More locals. More tourists. More is more. The businesses that win the next decade in Miami are the ones that stop treating the crowds as an inconvenience and start treating them as the opportunity. The person stuck in traffic on the MacArthur complaining about Miami is the same person who told twelve friends to move here. The restaurant that’s too crowded is too crowded because it’s great. The neighborhood that got discovered got discovered because it deserved to be.

The Real Real: World Cup starts Thursday. Miami is the #1 hotel market in America. If you’re spending your energy complaining about the results of living in the most exciting city in the country, that’s on you. The window is wide open. The whole world is looking in. Maybe just enjoy it.

BEACH BUSINESS

The Nautilus Has a New Name. Again.

The Nautilus Hotel is one of those Miami Beach addresses that always lingers. Morris Lapidus designed it in the early 1950s, the same architect who gave us the Fontainebleau, and for decades it held its place on Collins Avenue as genuinely mediocre. Now it’s coming back again, $40 million later, as The James Nautilus Miami Beach. Late 2026.

Sonesta Hotels is behind the relaunch, planting its lifestyle brand The James Hotels at one of Miami Beach’s most storied addresses. The concept is built around a fictional host character named James, charming, always in the know, effortless taste, brings people together. The F&B program is being handled by LDV Hospitality, the New York group behind Scarpetta and American Cut, and they really broke the mold with this one, jk: a Mediterranean restaurant by the pool, an omakase experience, and a late-night lounge.

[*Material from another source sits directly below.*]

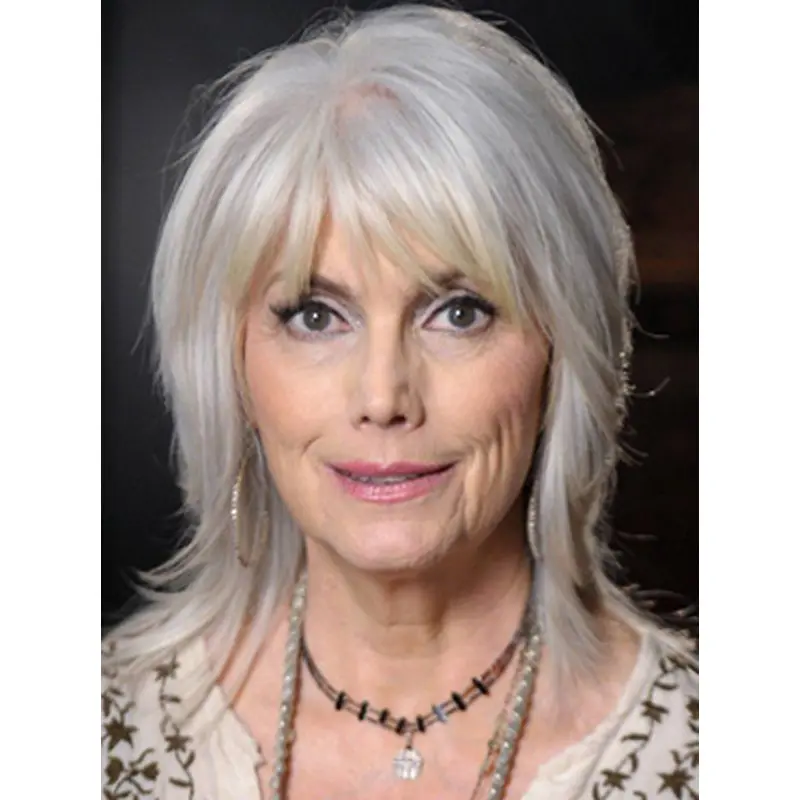 Silver Lady Shoulder Length Layered Synthetic Wigs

The bones of Miami Beach’s hotel scene were always exceptional. The question has always been whether the operators could live up to them. The Nautilus has changed hands and concepts more times than anyone can count, and this relaunch has the same problem every previous one did: it’s trying to manufacture a soul. A fictional host named James and an LDV food program isn’t a point of view, it’s a press release.

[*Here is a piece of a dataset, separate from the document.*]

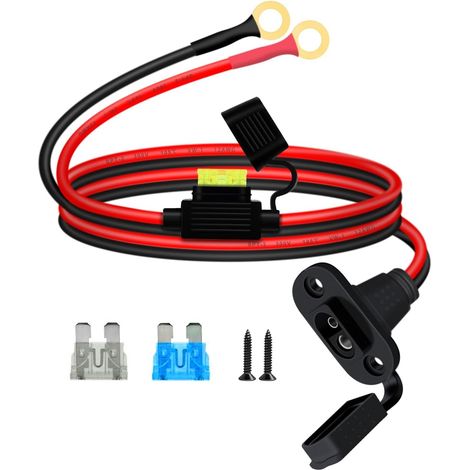 Paroi Latérale Prise de Courant SAE avec Joint Torique 8mm Connecteur Batterie SAE à Joint Torique 12AWG 12V 24V avec Fusible Intégré, pour Recharger Les Motos, Tracteurs et Voitures (1 m) (1/5)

The Real Real: The Shelborne by Proper was already the modest bet on Collins Avenue. This feels like a lesser version of that. $40 million and a mascot isn’t a brand. Miami has seen this movie before.

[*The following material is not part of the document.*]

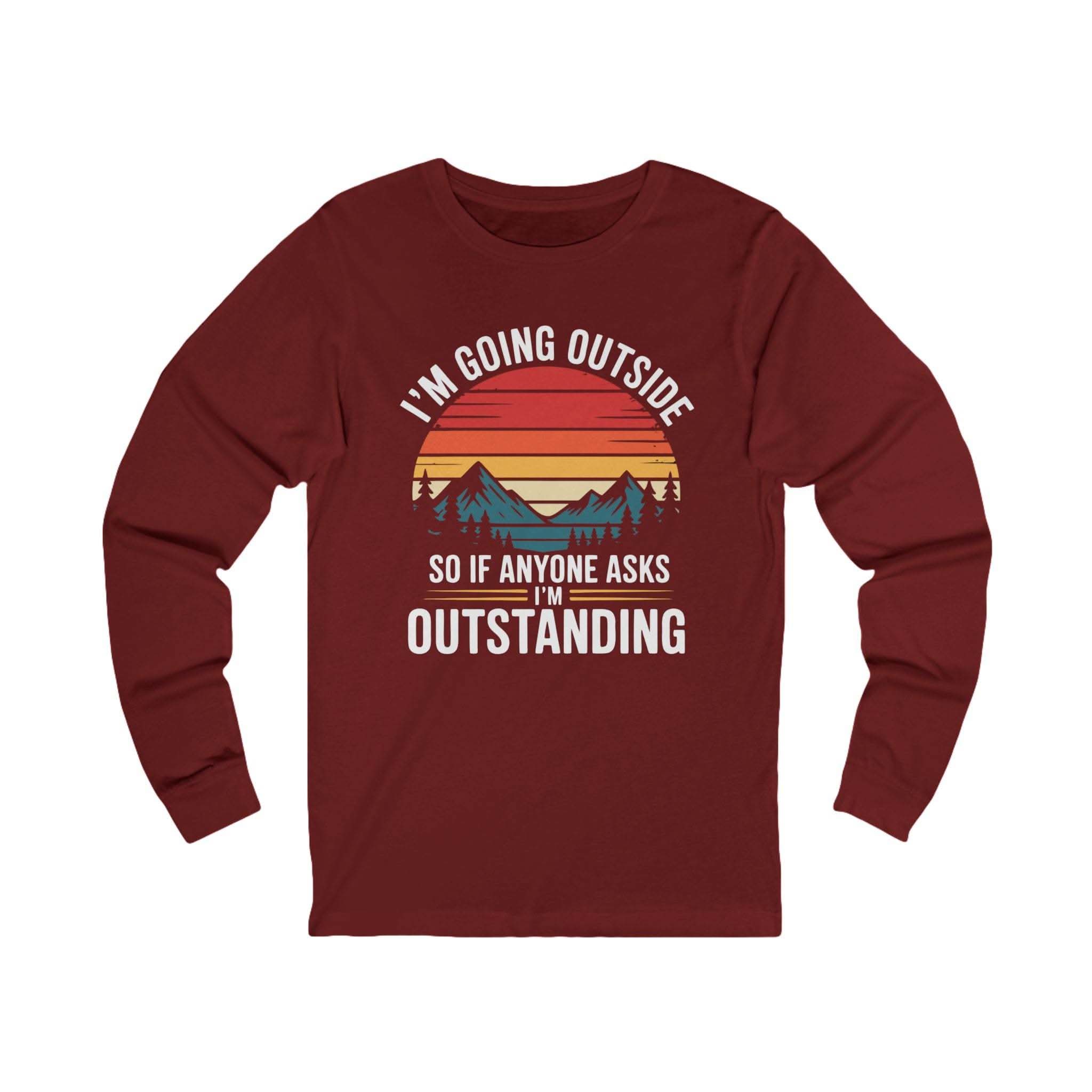 I'm Going Outside Vintage Sunset Mountains Tee | Outdoor Hiking Shirt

Peter Thiel Just Signed Miami’s Most Expensive Office Lease.

Peter Thiel doesn’t make noise. He makes moves. And his latest one says everything about where Miami is headed.

Thiel Capital, his family investment firm, just signed a full floor at 830 Brickell. 18,158 square feet on the 44th floor at $250 per square foot. That’s $4.5 million a year. A Miami-Dade record. The previous record was $225 per square foot, also at 830 Brickell, set just months ago. The ceiling keeps rising and nobody is done pushing it.

The building itself is the story within the story. 830 Brickell was developed by Vlad Doronin’s OKO Group and Cain International, designed by the same firm behind the Burj Khalifa, and delivered fully leased in 2024 with a tenant roster that reads like a who’s who of global capital: Citadel, Microsoft, Kirkland & Ellis, Thoma Bravo, Sidley Austin. It refinanced for $630 million in December 2025. Thiel is now sitting one floor above Citadel’s Miami headquarters. That’s not an accident.

This is also not Thiel’s first Miami move. He’s had a home here since 2020. Founders Fund opened a Wynwood office in 2021. Thiel Capital quietly followed on New Year’s Eve 2025. The 830 Brickell lease is the upgrade, from creative neighborhood to the most prestigious corporate address in the city. In 2021 the top of Brickell was $60 per square foot. Today it’s $250. Manhattan’s record is $327. Miami is closing the gap faster than anyone predicted.

HOSPITALITY LOCAL INSIDER

China Grill at Bal Harbour Shops. The 90s Are Officially Back.

In 1995, two things happened that changed Miami forever. The Delano reopened on Collins Avenue and Jeffrey Chodorow opened China Grill on South Beach. Ian Schrager and Chodorow didn’t just open businesses, they opened a new version of the city. Miami became a destination that year. The kind of place people flew in for a weekend just to say they were there.